Even though Micah has told his sister the rustic structure in the middle of town is simply part of the town's decorations, Annie is sure that unseen angels are building the crude stable--which means baby Jesus is coming, and He can make her better. Terrified that his little sister might die, Micah vows to find the baby Jesus for Annie, even if it is only a plastic doll. But as Micah gets nearer to his goal he finds that angels are closer than he ever would have believed.
The blurb sounded interesting. I thumbed through the 100 page book published by Covenant Communications and thought it looked like a nice clean read. What I didn't count on was getting so involved in the story that I forgot to focus on reviewing the book. I just enjoyed it. I won't spoil the ending, but I did find the book page turning and my eyes moist.

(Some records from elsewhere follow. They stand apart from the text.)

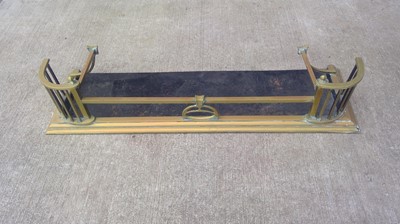 Lot 16 - A Brass Fender. The Fender measures 132cm wide...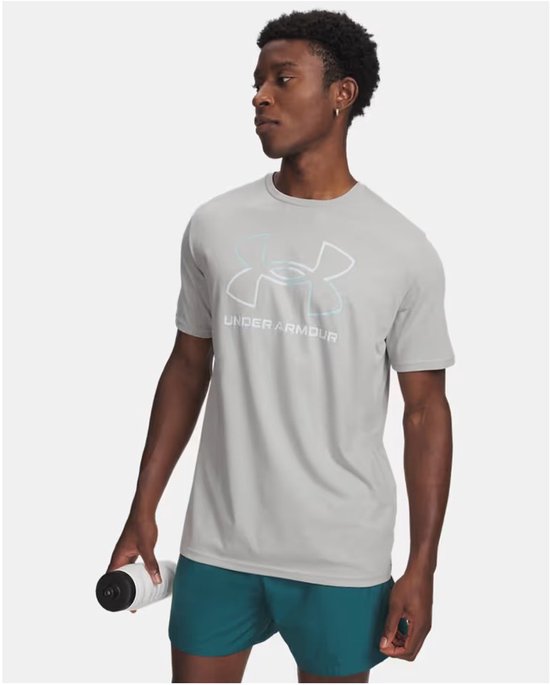 Man draagt een lichtgrijs Under Armour sportshirt met groot logo op de borst. Hij houdt een waterfles vast.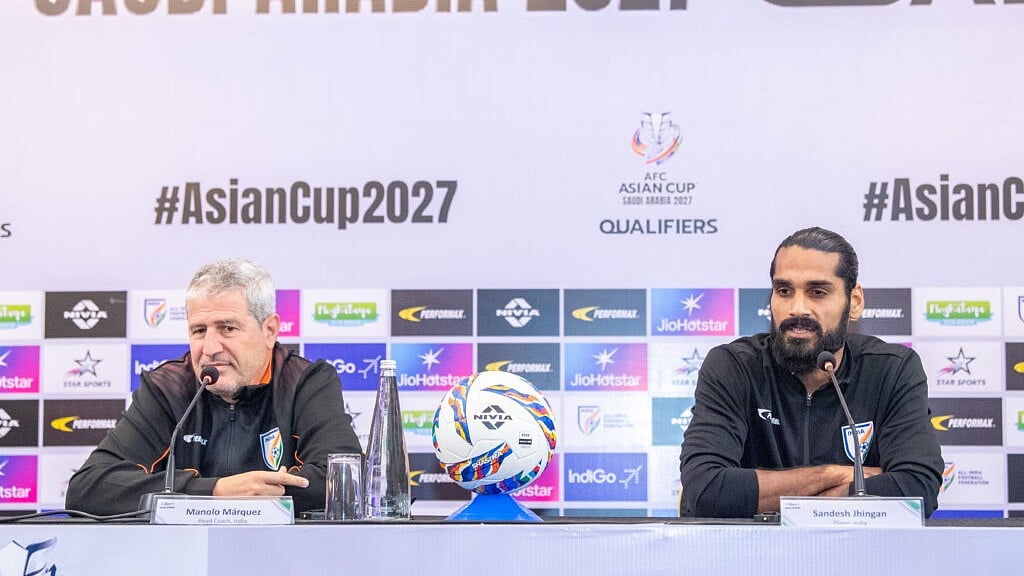 India head coach Manolo Marquez (left) with defender Sandesh Jhingan. - AIFF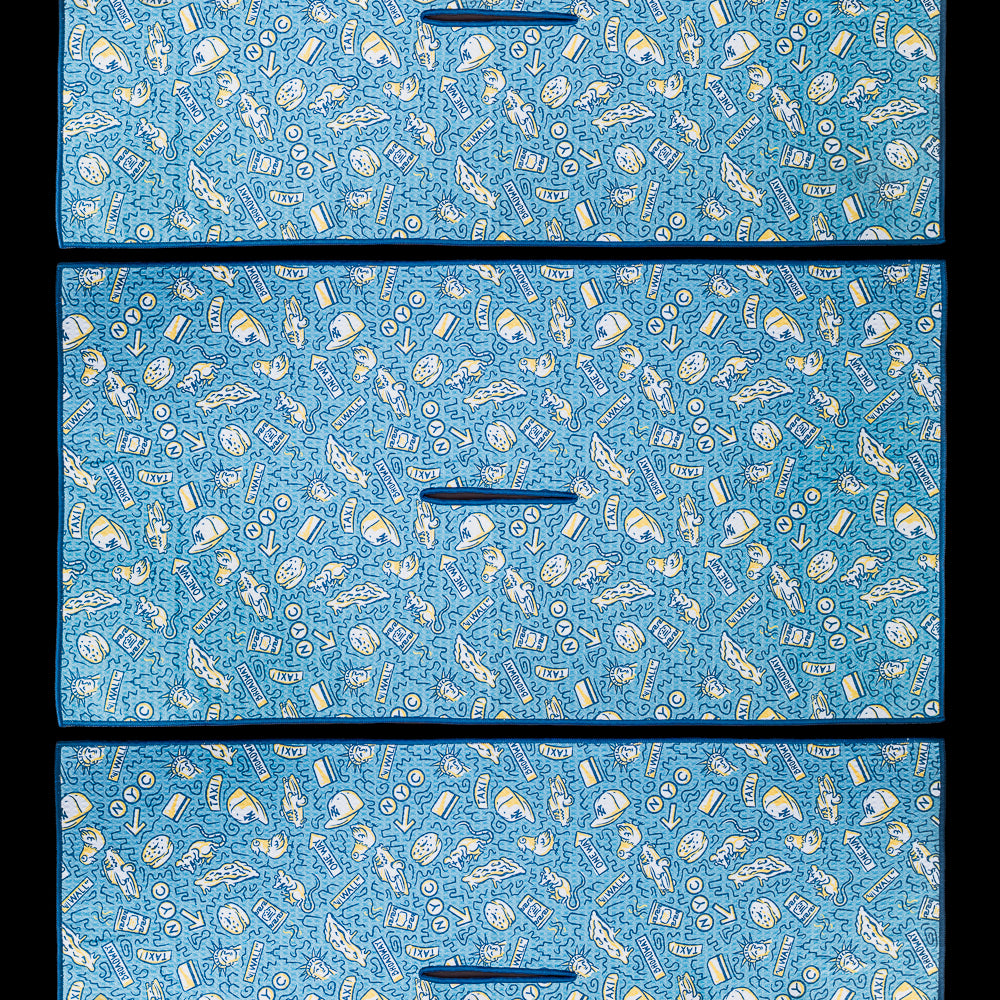 New York golf towel featuring an all over pattern of hand drawn New York inspired illustrations representing city landmarks, neighborhood culture, food, transit, and iconic local details in blue, cream, and gold.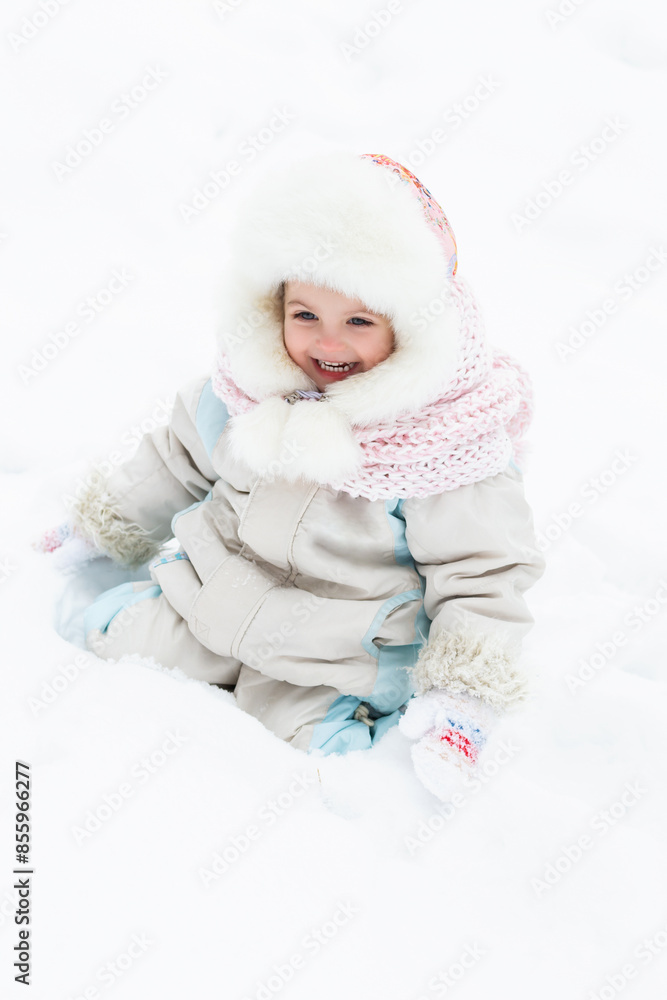 A cute baby in a snowy winter forest. Little girl having fun on winter day. Happy child in winter park A cute baby in a snowy winter forest. Little girl having fun on winter day. Happy child in winter park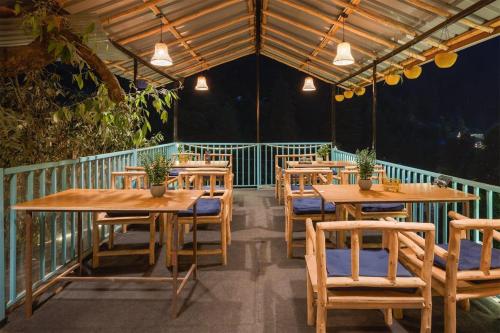 a restaurant with wooden tables and chairs on a balcony at havana stays in Jibhi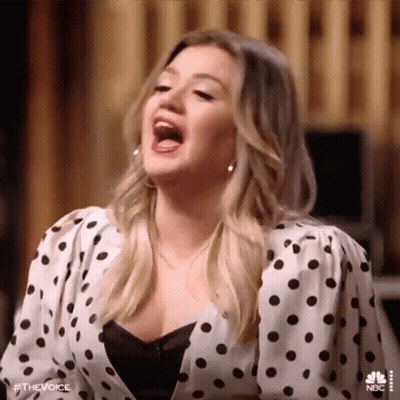 Woman In Polka Dot Shirt Singing With Mouth Open GIF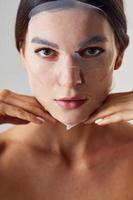 portrait de femme est en studio sur fond blanc avec masque de beauté sur le visage photo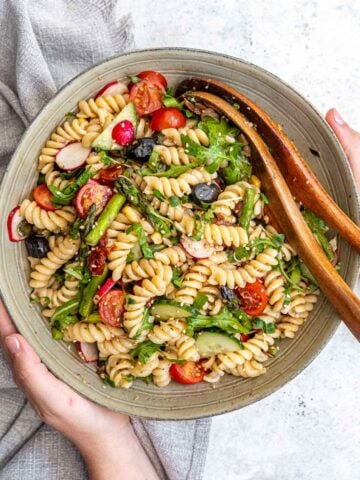 A person holds a bowl of colorful pasta salad with fusilli, cherry tomatoes, black olives, radishes, asparagus, and arugula. The salad is garnished with seeds. Wooden salad tongs rest in the bowl, and a light grey cloth is partially visible.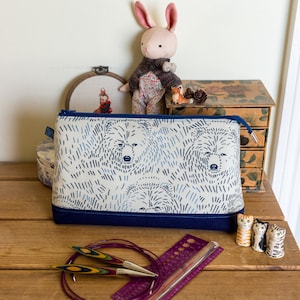 May include: A white zippered pouch with a blue trim and a pattern of white bears on a blue background. The pouch is sitting on a wooden table with knitting needles and a ruler.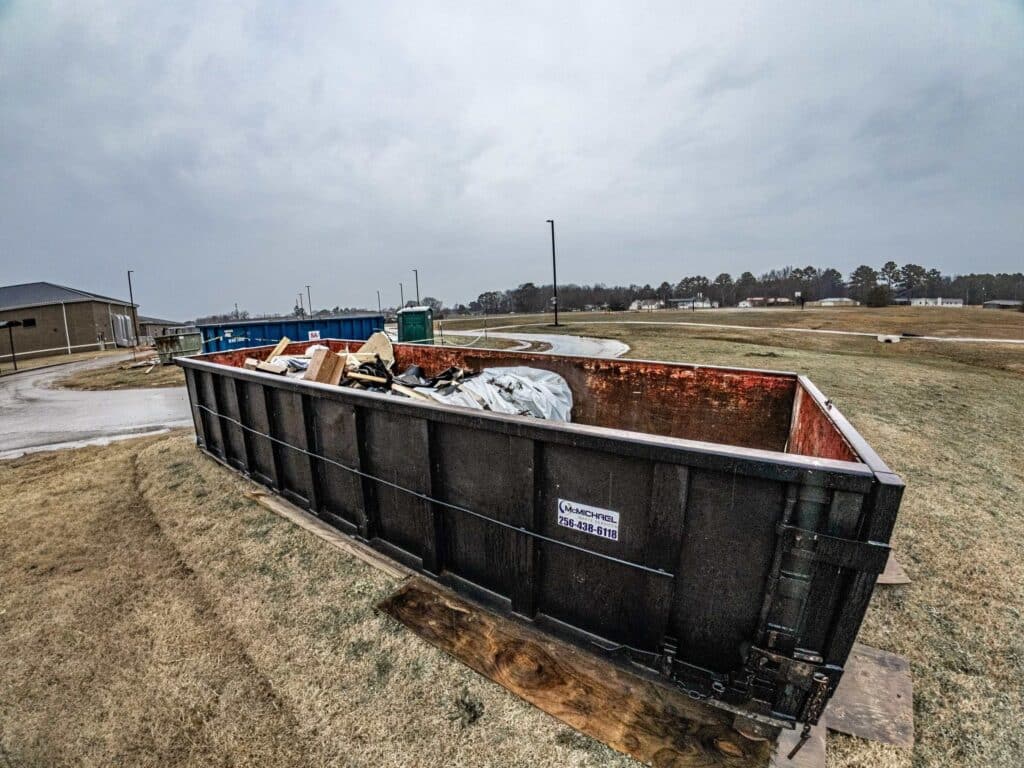 McMichael Waste Services roll-off container part-loaded with lumber and sheeting on an Alabama job site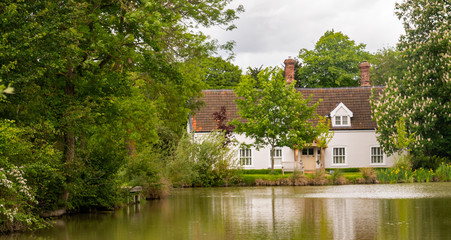 Fototapeta premium Traditional white cottage with its own tree lined lake, Norfolk, UK.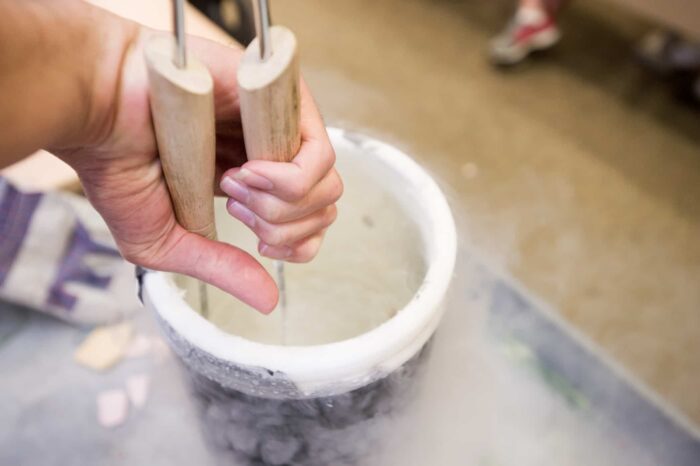 Tongs inserting container of liquid nitrogren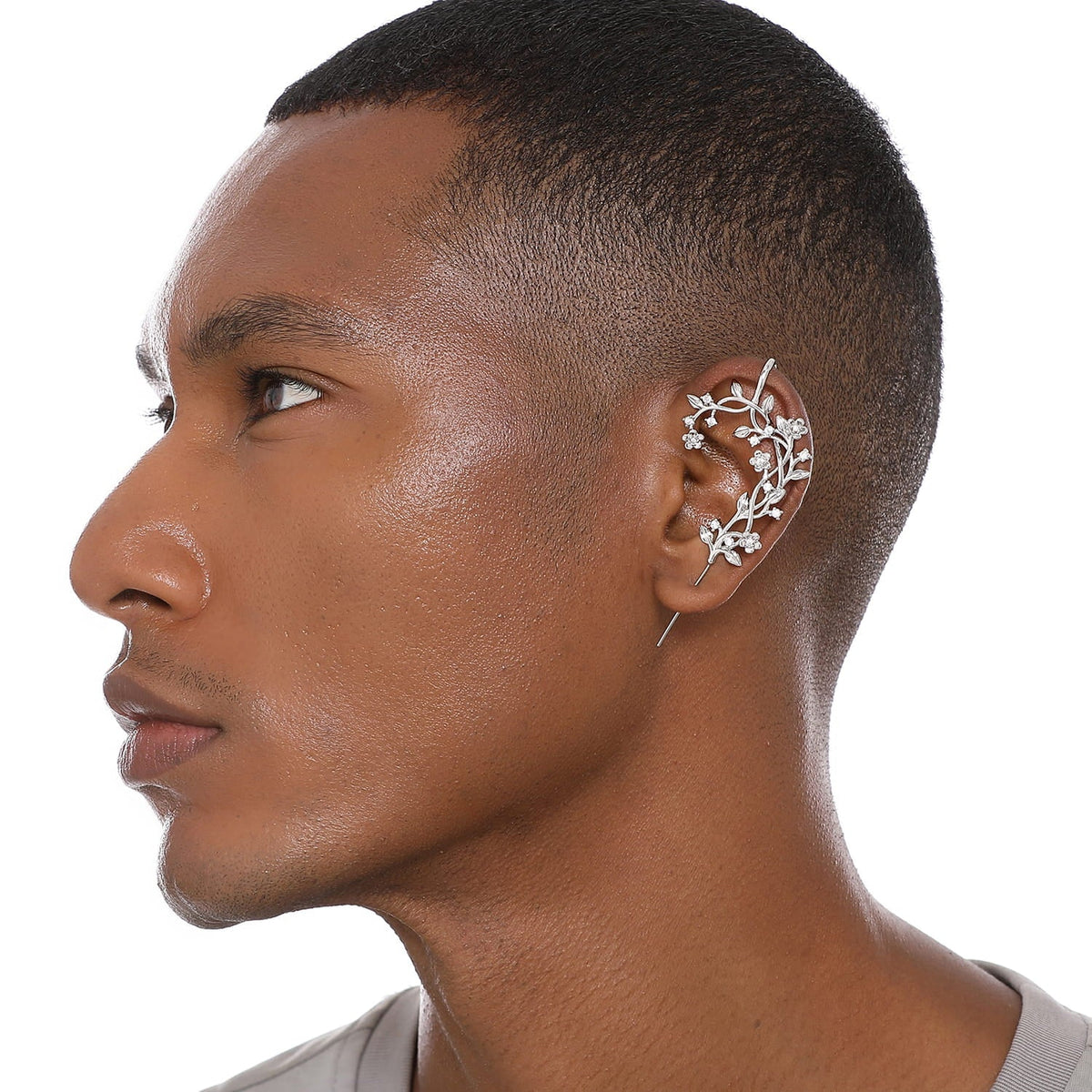 Flourishing ear cuff worn on the ear, profile view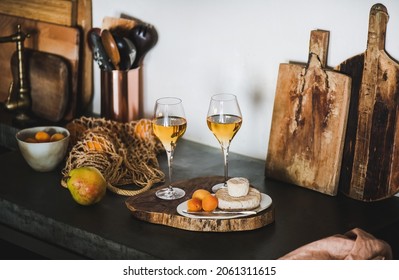 Two Glasses Of Orange Or Amber Wine And Appetizers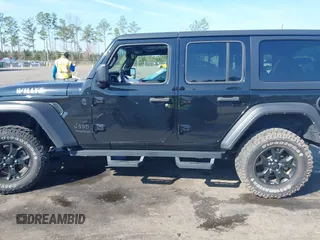2021 Jeep Wrangler Unlimited Sport S with VIN 1C4HJXDN6MW812565, listed as a IAAI auction lot 41506140 with 27,273 mi miles and . Bid and sale history available at DreamBid. Image 14.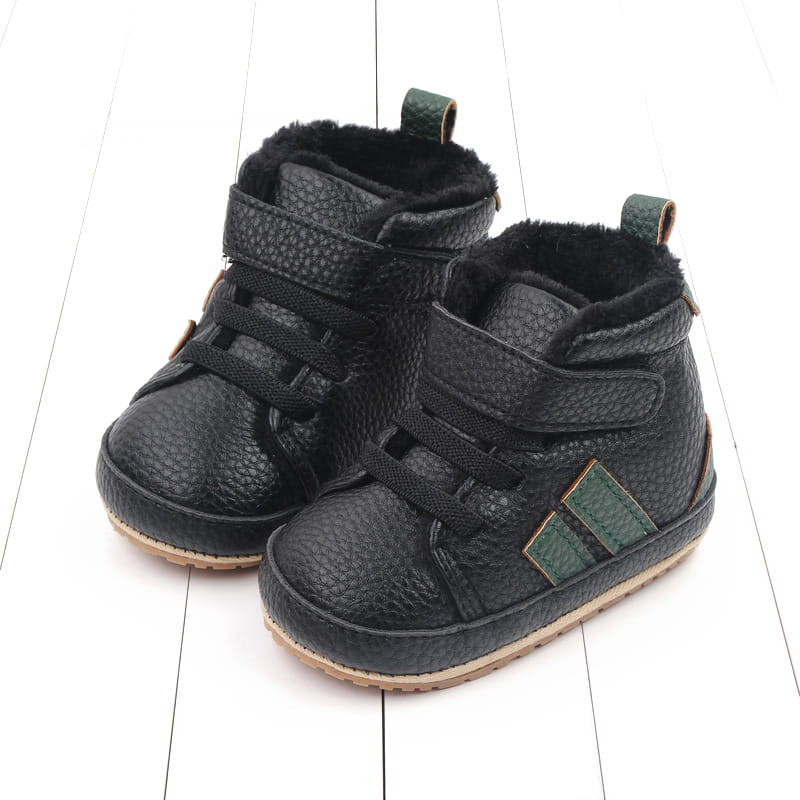 Plush lined sports soft-sole cotton baby shoes in black textured leather with green accents and a soft lining for comfort.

The responsibly Micah feels toward his mother and sister is touching. His character shines through and shows that Micah is a good kid deep inside. The feeling extended beyond the book to include most youth. It is a comforting message that we have some wonderful young people in this troubled world.
The town sounds like a great place to live and has a good variety and flavor of people. Kathi allows her characters to achieve a good growth arch. She includes just enough physical and character hints that each of them come alive. They become real people, people you care about, people you want to know. One of my favorite characters was Kora, the quirky owner of the greasy spoon. Every respectable town needs a flamboyant Kora with her crazy earings for every season.
I highly recommend this book as a heart warming Christmas story. It's the whole package. It's a wonderful journey of wondering if God loves us, then why do bad things happen to good people. In "An Angel on Main Street", Kathi shows us just how much God truly does love us.